TASK DIRECTIONS: I'd like the full listing transcribed exactly, with no images included.

RAW DATA:
↓↓↓

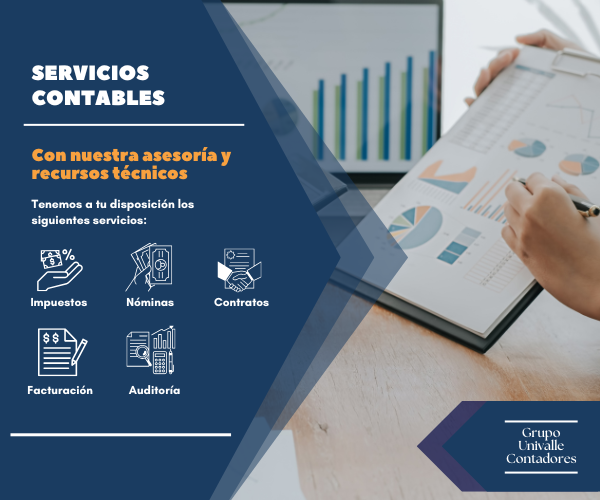 Servicios contables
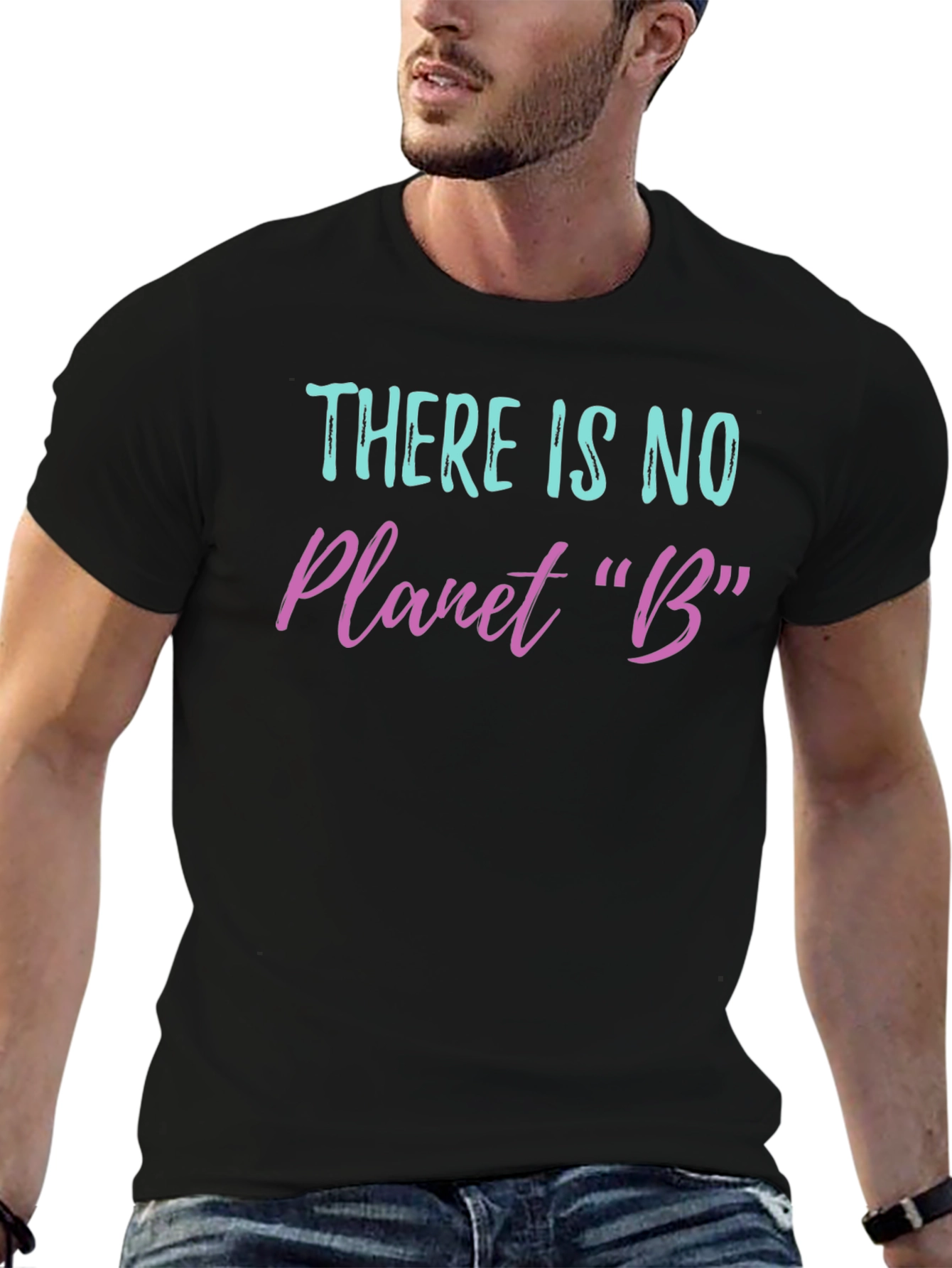 There Is No Planet B Graphic T-Shirt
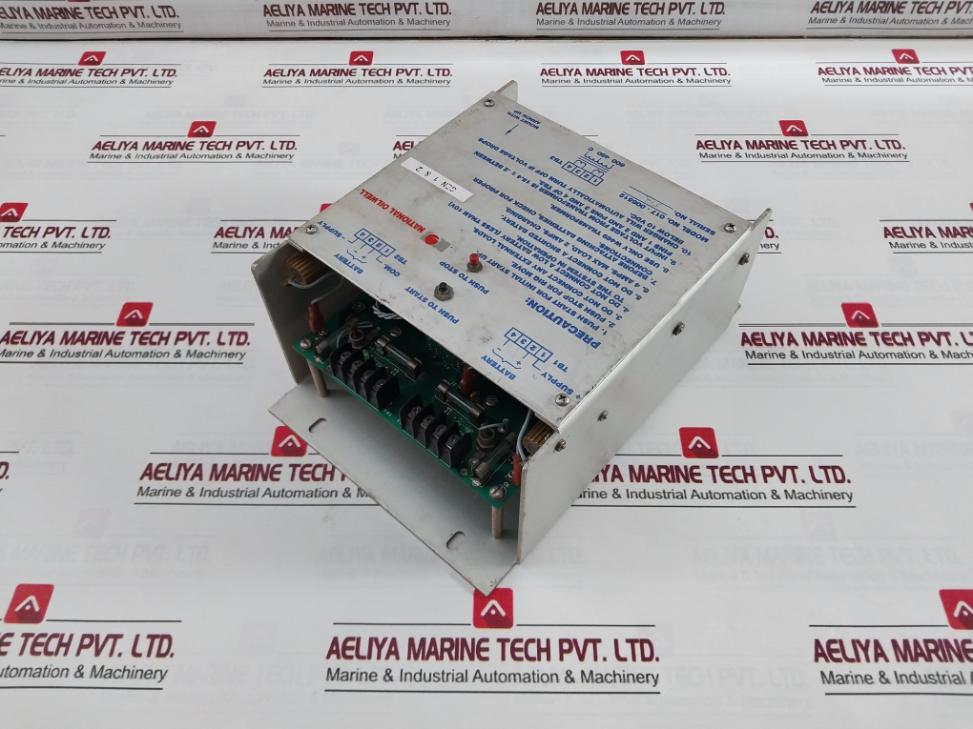 Nov 017-006512 Ips Battery Charger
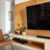 Funcionalidade, calma visual e personalidade –  o papel do Quadratto Naturalle Beige em um apartamento pensado para viver bem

↑↑↑

FINISHED TASK:
 Servicios contables
 There Is No Planet B Graphic T-Shirt
 Nov 017-006512 Ips Battery Charger
 Funcionalidade, calma visual e personalidade –  o papel do Quadratto Naturalle Beige em um apartamento pensado para viver bem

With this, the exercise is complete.